Resilience-related Kubernetes labels by SageMaker HyperPod
Labels are key-value pairs that are attached to
Kubernetes objects
Node health status labels
The node-health-status
labels represent the status of the node health
and to be used as part of node selector filter in healthy nodes.
Label | Description |
---|---|
sagemaker.amazonaws.com/node-health-status:
Schedulable |
The node has passed basic health checks and is available for running workloads. This health check is the same as the currently available SageMaker HyperPod resiliency features for Slurm clusters. |
sagemaker.amazonaws.com/node-health-status:
Unschedulable |
The node is running deep health checks and is not available for running workloads. |
sagemaker.amazonaws.com/node-health-status:
UnschedulablePendingReplacement |
The node has failed deep health checks or health-monitoring agent checks and requires a replacement. If automatic node recovery is enabled, the node will be automatically replaced by SageMaker HyperPod. |
sagemaker.amazonaws.com/node-health-status:
UnschedulablePendingReboot |
The node has failed deep health checks or health-monitoring agent checks and requires a reboot. If automatic node recovery is enabled, the node will be automatically rebooted by SageMaker HyperPod. |
Deep health check labels
The deep-health-check-status
labels represent the progress of deep
health check on a specific node. Helpful for Kubernetes users to quickly filter for
progress of overall deep health checks.
Label | Description |
---|---|
sagemaker.amazonaws.com/deep-health-check-status:
InProgress |
The node is running deep health checks and is not available for running workloads. |
sagemaker.amazonaws.com/deep-health-check-status:
Passed |
The node has failed deep health checks or health-monitoring agent checks and requires a replacement. If automatic node recovery is enabled, the node will be automatically replaced by SageMaker HyperPod. |
sagemaker.amazonaws.com/deep-health-check-status:
Failed |
The node has failed deep health checks or health-monitoring agent checks and requires a reboot or replacement. If automatic node recovery is enabled, the node will be automatically rebooted by SageMaker HyperPod. |
Fault type and reason labels
The fallowing describes the fault-type
and fault-reason
labels.
-
fault-type
labels represent high-level fault categories when health checks fail. These are populated for failures identified during both deep health and health-monitoring agent checks. -
fault-reason
labels represent the detailed fault reason associated with afault-type
.
How SageMaker HyperPod labels
The following topics cover how labeling is done depending on various cases.
Topics
When a node is added to a SageMaker HyperPod cluster with deep health check config disabled
When a new node added into cluster, and if deep health check is not enabled for the instance group, SageMaker HyperPod runs the same health checks as the currently available SageMaker HyperPod health checks for Slurm clusters.
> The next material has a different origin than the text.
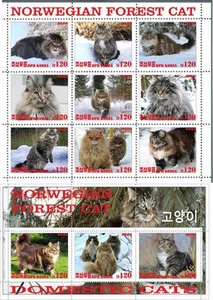 Stamp sheet+block Norwegian Forest Cat Korea 2020 issue - Picture 1 of 1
If the health check passes, the nodes will be marked with the following label.
sagemaker.amazonaws.com/node-health-status: Schedulable
If the health check doesn't pass, the nodes will be terminated and replaced. This behavior is the same as the way SageMaker HyperPod health check works for Slurm clusters.
When a node is added to a SageMaker HyperPod cluster with deep health check config enabled
When a new node is added into a SageMaker HyperPod cluster, and if the deep health check test is enabled for the instance group, HyperPod first taints the node and starts the ~2-hour deep health check/stress test on the node. There are 3 possible outputs of the node labels after the deep health check.
-
When the deep health check test passes
sagemaker.amazonaws.com/node-health-status: Schedulable
-
When the deep health check test fails, and the instance needs to be replaced
sagemaker.amazonaws.com/node-health-status: UnschedulablePendingReplacement
-
When the deep health check test fails, and the instance needs to be rebooted to rerun the deep health check
sagemaker.amazonaws.com/node-health-status: UnschedulablePendingReboot
If an instance fails the deep health check test, the instance will always be replaced. If the deep health check tests succeeds, the taint on the node will be removed.
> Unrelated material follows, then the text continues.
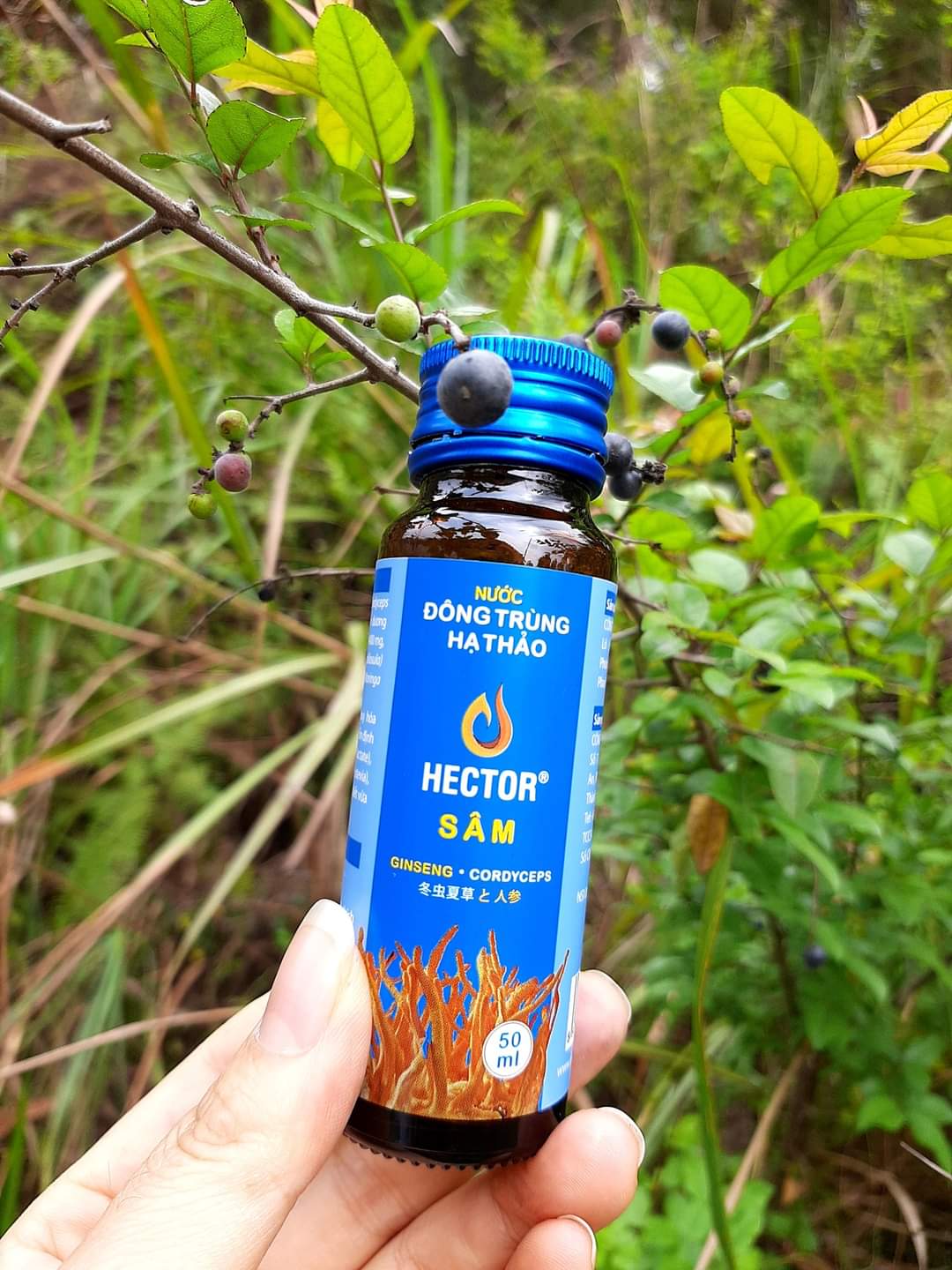 1 Chai Nước Đông Trùng Hạ Thảo Hector Sâm, Uống Trực Tiếp, Tăng Sức Đề Kháng, Tăng Cường Sinh Lý Nam Nữ, Tăng Tiết Sữa Cho Mẹ, Bảo Vệ Chức Năng Gan Thận, Giảm Say Tàu Xe, Nam, Nữ, Người Lớn Tuổi Đều Dùng Được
When there are any compute failures on nodes
The SageMaker HyperPod health monitor agent also continuously monitors the health status of each node. When it detects any failures (such as GPU failure and driver crash), the agent marks the node with one of the following labels.
-
When the node is unhealthy and needs to be replaced
sagemaker.amazonaws.com/node-health-status: UnschedulablePendingReplacement
-
When the node is unhealthy and needs to be rebooted
sagemaker.amazonaws.com/node-health-status: UnschedulablePendingReboot
The health monitor agent also taints the node when it detects any node health issues.